> **Exercise**
Give again, exactly as they appear, only the lines from the one containing "Herodot Dzieje - Herodot - Herodot" through the last line of the material below.

>>>>

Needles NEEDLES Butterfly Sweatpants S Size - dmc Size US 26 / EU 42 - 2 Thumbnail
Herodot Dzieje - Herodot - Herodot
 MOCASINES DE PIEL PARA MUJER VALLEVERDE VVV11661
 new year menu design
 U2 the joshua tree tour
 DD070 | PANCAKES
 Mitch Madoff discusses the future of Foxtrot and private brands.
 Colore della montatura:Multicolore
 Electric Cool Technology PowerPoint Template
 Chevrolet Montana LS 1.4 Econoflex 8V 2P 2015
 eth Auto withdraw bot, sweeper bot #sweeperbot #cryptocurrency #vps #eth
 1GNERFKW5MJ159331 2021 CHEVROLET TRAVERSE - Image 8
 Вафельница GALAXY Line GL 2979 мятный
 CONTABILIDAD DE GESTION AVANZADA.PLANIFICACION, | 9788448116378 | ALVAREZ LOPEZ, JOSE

<<<<

> **Finished task**
Herodot Dzieje - Herodot - Herodot
 MOCASINES DE PIEL PARA MUJER VALLEVERDE VVV11661
 new year menu design
 U2 the joshua tree tour
 DD070 | PANCAKES
 Mitch Madoff discusses the future of Foxtrot and private brands.
 Colore della montatura:Multicolore
 Electric Cool Technology PowerPoint Template
 Chevrolet Montana LS 1.4 Econoflex 8V 2P 2015
 eth Auto withdraw bot, sweeper bot #sweeperbot #cryptocurrency #vps #eth
 1GNERFKW5MJ159331 2021 CHEVROLET TRAVERSE - Image 8
 Вафельница GALAXY Line GL 2979 мятный
 CONTABILIDAD DE GESTION AVANZADA.PLANIFICACION, | 9788448116378 | ALVAREZ LOPEZ, JOSE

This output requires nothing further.